Re: [PATCH v2 1/3] proc_pid_fdinfo.5: Reduce indent for most of the page

Alejandro Colomar <alx@xxxxxxxxxx> · Sat, 2 Nov 2024 11:39:37 +0100

Hi Branden,

On Sat, Nov 02, 2024 at 05:08:37AM -0500, G. Branden Robinson wrote:
> [adding Colin Watson to CC; and the groff list because I started musing]
> 
> Hi Alex,
> 
> At 2024-11-01T21:07:29+0100, Alejandro Colomar wrote:
> > > > > -/proc/pid/fdinfo/ \- information about file descriptors
> > > > > +.IR /proc/ pid /fdinfo " \- information about file descriptors"
> > > >
> > > > I wouldn't add formatting here for now.  That's something I prefer
> > > > to be cautious about, and if we do it, we should do it in a
> > > > separate commit.
> > > 
> > > I'll move it to a separate patch. Is the caution due to a lack of
> > > test infrastructure? That could be something to get resolved,
> > > perhaps through Google summer-of-code and the like.
> > 
> > That change might be controversial.
> 
> Then let those with objections step forward and make them!

Sure!  But that in itself (and the length of your mail) makes a strong
reason to have this in a separate commit.  :)

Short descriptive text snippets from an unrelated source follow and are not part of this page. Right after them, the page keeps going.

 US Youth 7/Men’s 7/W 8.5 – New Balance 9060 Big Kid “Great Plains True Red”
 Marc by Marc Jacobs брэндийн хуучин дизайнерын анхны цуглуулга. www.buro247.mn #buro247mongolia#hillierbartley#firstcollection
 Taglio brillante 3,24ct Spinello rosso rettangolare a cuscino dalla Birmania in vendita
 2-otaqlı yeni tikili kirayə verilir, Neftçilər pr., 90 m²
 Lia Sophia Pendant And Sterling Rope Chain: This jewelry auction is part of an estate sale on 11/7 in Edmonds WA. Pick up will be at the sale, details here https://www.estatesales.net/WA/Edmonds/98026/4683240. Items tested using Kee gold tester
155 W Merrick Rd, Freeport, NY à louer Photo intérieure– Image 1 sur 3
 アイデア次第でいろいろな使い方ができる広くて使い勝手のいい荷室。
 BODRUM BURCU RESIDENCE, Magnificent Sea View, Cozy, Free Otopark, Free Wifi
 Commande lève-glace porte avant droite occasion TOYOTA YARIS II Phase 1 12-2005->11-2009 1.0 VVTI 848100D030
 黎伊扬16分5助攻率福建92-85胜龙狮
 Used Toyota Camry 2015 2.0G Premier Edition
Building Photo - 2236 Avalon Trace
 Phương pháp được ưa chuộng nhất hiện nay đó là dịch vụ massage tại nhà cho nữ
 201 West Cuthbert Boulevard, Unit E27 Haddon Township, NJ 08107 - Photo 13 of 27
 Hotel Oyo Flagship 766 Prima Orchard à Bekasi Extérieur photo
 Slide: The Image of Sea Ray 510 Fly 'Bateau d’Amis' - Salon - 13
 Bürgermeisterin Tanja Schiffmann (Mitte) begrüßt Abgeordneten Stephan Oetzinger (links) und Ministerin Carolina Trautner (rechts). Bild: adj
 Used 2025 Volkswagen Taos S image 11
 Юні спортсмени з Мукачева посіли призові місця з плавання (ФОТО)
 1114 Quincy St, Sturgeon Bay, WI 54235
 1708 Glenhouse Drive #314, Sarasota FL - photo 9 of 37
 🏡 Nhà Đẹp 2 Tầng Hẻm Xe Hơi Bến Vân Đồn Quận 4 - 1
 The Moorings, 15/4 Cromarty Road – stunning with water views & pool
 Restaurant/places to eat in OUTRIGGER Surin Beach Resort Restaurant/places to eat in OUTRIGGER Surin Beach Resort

I'm not opposed to the change.  Only cautious.

> 
> (I may be one of them; see below.)
> 
> > We'd first need to check that all software that reads the NAME section
> > would behave well for this.
> 
> Not _all_ software, surely.  Anybody can write a craptastic man(7)
> scraper, and several have, mainly back when Web 1.0 was going to eat the
> world.  Most of those have withered on the vine.

Ahh, yeah, I committed the same mistake I criticise in others every now
and then.  $all does not really mean "all".  (-Wall, `make all`, ...)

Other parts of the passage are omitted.